◆ Record excerpts ◆
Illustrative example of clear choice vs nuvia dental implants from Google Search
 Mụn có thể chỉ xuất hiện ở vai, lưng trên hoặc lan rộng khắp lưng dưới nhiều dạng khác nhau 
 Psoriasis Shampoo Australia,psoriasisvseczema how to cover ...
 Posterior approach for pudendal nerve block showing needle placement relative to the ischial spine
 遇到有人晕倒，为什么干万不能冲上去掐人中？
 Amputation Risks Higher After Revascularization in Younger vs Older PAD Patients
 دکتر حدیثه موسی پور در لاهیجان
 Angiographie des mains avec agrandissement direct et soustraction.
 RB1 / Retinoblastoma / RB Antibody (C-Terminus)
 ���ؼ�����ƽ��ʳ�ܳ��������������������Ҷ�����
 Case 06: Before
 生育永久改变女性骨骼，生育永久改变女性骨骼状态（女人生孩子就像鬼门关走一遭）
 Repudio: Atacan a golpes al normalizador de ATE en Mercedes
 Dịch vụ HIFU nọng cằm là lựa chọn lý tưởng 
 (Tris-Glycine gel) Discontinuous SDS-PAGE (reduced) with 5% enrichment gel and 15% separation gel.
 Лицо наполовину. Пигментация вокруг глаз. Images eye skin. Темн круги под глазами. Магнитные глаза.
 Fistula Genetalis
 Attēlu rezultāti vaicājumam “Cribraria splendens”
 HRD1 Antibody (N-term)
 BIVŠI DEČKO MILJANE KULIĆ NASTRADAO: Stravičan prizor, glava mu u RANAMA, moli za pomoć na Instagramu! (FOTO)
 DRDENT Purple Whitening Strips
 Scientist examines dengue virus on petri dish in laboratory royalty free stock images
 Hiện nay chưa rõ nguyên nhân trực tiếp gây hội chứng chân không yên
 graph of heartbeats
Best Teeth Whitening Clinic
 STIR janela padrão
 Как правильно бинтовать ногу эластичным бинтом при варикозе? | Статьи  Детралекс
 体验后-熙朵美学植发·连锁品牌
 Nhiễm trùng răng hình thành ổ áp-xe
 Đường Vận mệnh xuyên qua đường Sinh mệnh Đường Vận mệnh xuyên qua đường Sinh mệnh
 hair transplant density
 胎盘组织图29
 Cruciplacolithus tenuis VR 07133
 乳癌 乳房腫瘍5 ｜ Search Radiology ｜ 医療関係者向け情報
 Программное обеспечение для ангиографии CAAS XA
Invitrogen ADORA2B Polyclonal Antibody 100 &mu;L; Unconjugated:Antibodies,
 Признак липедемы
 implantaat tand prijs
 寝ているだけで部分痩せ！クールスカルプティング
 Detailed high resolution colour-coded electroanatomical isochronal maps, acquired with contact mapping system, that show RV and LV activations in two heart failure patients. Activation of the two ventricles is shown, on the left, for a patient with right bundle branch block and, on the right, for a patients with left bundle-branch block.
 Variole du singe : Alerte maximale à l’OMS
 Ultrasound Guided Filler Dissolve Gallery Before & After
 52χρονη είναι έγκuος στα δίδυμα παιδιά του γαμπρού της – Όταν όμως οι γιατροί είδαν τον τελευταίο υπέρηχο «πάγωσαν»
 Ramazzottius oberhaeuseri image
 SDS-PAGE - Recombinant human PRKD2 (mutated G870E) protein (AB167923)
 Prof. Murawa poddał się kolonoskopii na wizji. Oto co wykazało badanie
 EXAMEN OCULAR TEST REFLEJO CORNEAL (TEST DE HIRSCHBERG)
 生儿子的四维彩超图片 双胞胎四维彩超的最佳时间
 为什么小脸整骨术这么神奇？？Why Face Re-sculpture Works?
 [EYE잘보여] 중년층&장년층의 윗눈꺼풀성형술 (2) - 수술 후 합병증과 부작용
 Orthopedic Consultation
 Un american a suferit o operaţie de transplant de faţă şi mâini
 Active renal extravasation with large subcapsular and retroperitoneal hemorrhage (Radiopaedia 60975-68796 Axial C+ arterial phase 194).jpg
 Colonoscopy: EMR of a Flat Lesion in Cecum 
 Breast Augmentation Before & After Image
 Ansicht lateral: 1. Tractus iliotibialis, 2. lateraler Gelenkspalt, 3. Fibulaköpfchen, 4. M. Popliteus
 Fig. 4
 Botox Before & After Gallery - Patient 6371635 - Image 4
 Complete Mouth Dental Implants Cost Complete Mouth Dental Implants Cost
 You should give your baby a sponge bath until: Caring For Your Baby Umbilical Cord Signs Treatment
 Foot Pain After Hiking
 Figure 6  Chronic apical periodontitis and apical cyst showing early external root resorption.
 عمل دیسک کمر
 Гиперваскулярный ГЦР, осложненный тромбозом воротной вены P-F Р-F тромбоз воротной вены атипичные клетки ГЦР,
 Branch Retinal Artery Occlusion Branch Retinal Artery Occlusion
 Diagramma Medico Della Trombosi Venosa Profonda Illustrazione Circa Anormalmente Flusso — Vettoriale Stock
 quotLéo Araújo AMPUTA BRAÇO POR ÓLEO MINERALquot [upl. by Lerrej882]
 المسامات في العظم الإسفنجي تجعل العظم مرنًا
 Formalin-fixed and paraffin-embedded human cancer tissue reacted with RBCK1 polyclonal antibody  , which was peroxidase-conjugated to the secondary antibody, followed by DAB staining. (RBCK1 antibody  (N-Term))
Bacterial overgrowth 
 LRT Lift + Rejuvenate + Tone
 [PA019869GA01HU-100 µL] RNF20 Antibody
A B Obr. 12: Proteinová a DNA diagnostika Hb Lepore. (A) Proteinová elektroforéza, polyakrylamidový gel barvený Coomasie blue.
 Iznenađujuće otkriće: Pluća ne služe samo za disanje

◆ Problem description ◆
Restate all the material above, keeping each word as it is.

◆ Completed exercise ◆
Illustrative example of clear choice vs nuvia dental implants from Google Search
 Mụn có thể chỉ xuất hiện ở vai, lưng trên hoặc lan rộng khắp lưng dưới nhiều dạng khác nhau 
 Psoriasis Shampoo Australia,psoriasisvseczema how to cover ...
 Posterior approach for pudendal nerve block showing needle placement relative to the ischial spine
 遇到有人晕倒，为什么干万不能冲上去掐人中？
 Amputation Risks Higher After Revascularization in Younger vs Older PAD Patients
 دکتر حدیثه موسی پور در لاهیجان
 Angiographie des mains avec agrandissement direct et soustraction.
 RB1 / Retinoblastoma / RB Antibody (C-Terminus)
 ���ؼ�����ƽ��ʳ�ܳ��������������������Ҷ�����
 Case 06: Before
 生育永久改变女性骨骼，生育永久改变女性骨骼状态（女人生孩子就像鬼门关走一遭）
 Repudio: Atacan a golpes al normalizador de ATE en Mercedes
 Dịch vụ HIFU nọng cằm là lựa chọn lý tưởng 
 (Tris-Glycine gel) Discontinuous SDS-PAGE (reduced) with 5% enrichment gel and 15% separation gel.
 Лицо наполовину. Пигментация вокруг глаз. Images eye skin. Темн круги под глазами. Магнитные глаза.
 Fistula Genetalis
 Attēlu rezultāti vaicājumam “Cribraria splendens”
 HRD1 Antibody (N-term)
 BIVŠI DEČKO MILJANE KULIĆ NASTRADAO: Stravičan prizor, glava mu u RANAMA, moli za pomoć na Instagramu! (FOTO)
 DRDENT Purple Whitening Strips
 Scientist examines dengue virus on petri dish in laboratory royalty free stock images
 Hiện nay chưa rõ nguyên nhân trực tiếp gây hội chứng chân không yên
 graph of heartbeats
Best Teeth Whitening Clinic
 STIR janela padrão
 Как правильно бинтовать ногу эластичным бинтом при варикозе? | Статьи  Детралекс
 体验后-熙朵美学植发·连锁品牌
 Nhiễm trùng răng hình thành ổ áp-xe
 Đường Vận mệnh xuyên qua đường Sinh mệnh Đường Vận mệnh xuyên qua đường Sinh mệnh
 hair transplant density
 胎盘组织图29
 Cruciplacolithus tenuis VR 07133
 乳癌 乳房腫瘍5 ｜ Search Radiology ｜ 医療関係者向け情報
 Программное обеспечение для ангиографии CAAS XA
Invitrogen ADORA2B Polyclonal Antibody 100 &mu;L; Unconjugated:Antibodies,
 Признак липедемы
 implantaat tand prijs
 寝ているだけで部分痩せ！クールスカルプティング
 Detailed high resolution colour-coded electroanatomical isochronal maps, acquired with contact mapping system, that show RV and LV activations in two heart failure patients. Activation of the two ventricles is shown, on the left, for a patient with right bundle branch block and, on the right, for a patients with left bundle-branch block.
 Variole du singe : Alerte maximale à l’OMS
 Ultrasound Guided Filler Dissolve Gallery Before & After
 52χρονη είναι έγκuος στα δίδυμα παιδιά του γαμπρού της – Όταν όμως οι γιατροί είδαν τον τελευταίο υπέρηχο «πάγωσαν»
 Ramazzottius oberhaeuseri image
 SDS-PAGE - Recombinant human PRKD2 (mutated G870E) protein (AB167923)
 Prof. Murawa poddał się kolonoskopii na wizji. Oto co wykazało badanie
 EXAMEN OCULAR TEST REFLEJO CORNEAL (TEST DE HIRSCHBERG)
 生儿子的四维彩超图片 双胞胎四维彩超的最佳时间
 为什么小脸整骨术这么神奇？？Why Face Re-sculpture Works?
 [EYE잘보여] 중년층&장년층의 윗눈꺼풀성형술 (2) - 수술 후 합병증과 부작용
 Orthopedic Consultation
 Un american a suferit o operaţie de transplant de faţă şi mâini
 Active renal extravasation with large subcapsular and retroperitoneal hemorrhage (Radiopaedia 60975-68796 Axial C+ arterial phase 194).jpg
 Colonoscopy: EMR of a Flat Lesion in Cecum 
 Breast Augmentation Before & After Image
 Ansicht lateral: 1. Tractus iliotibialis, 2. lateraler Gelenkspalt, 3. Fibulaköpfchen, 4. M. Popliteus
 Fig. 4
 Botox Before & After Gallery - Patient 6371635 - Image 4
 Complete Mouth Dental Implants Cost Complete Mouth Dental Implants Cost
 You should give your baby a sponge bath until: Caring For Your Baby Umbilical Cord Signs Treatment
 Foot Pain After Hiking
 Figure 6  Chronic apical periodontitis and apical cyst showing early external root resorption.
 عمل دیسک کمر
 Гиперваскулярный ГЦР, осложненный тромбозом воротной вены P-F Р-F тромбоз воротной вены атипичные клетки ГЦР,
 Branch Retinal Artery Occlusion Branch Retinal Artery Occlusion
 Diagramma Medico Della Trombosi Venosa Profonda Illustrazione Circa Anormalmente Flusso — Vettoriale Stock
 quotLéo Araújo AMPUTA BRAÇO POR ÓLEO MINERALquot [upl. by Lerrej882]
 المسامات في العظم الإسفنجي تجعل العظم مرنًا
 Formalin-fixed and paraffin-embedded human cancer tissue reacted with RBCK1 polyclonal antibody  , which was peroxidase-conjugated to the secondary antibody, followed by DAB staining. (RBCK1 antibody  (N-Term))
Bacterial overgrowth 
 LRT Lift + Rejuvenate + Tone
 [PA019869GA01HU-100 µL] RNF20 Antibody
A B Obr. 12: Proteinová a DNA diagnostika Hb Lepore. (A) Proteinová elektroforéza, polyakrylamidový gel barvený Coomasie blue.
 Iznenađujuće otkriće: Pluća ne služe samo za disanje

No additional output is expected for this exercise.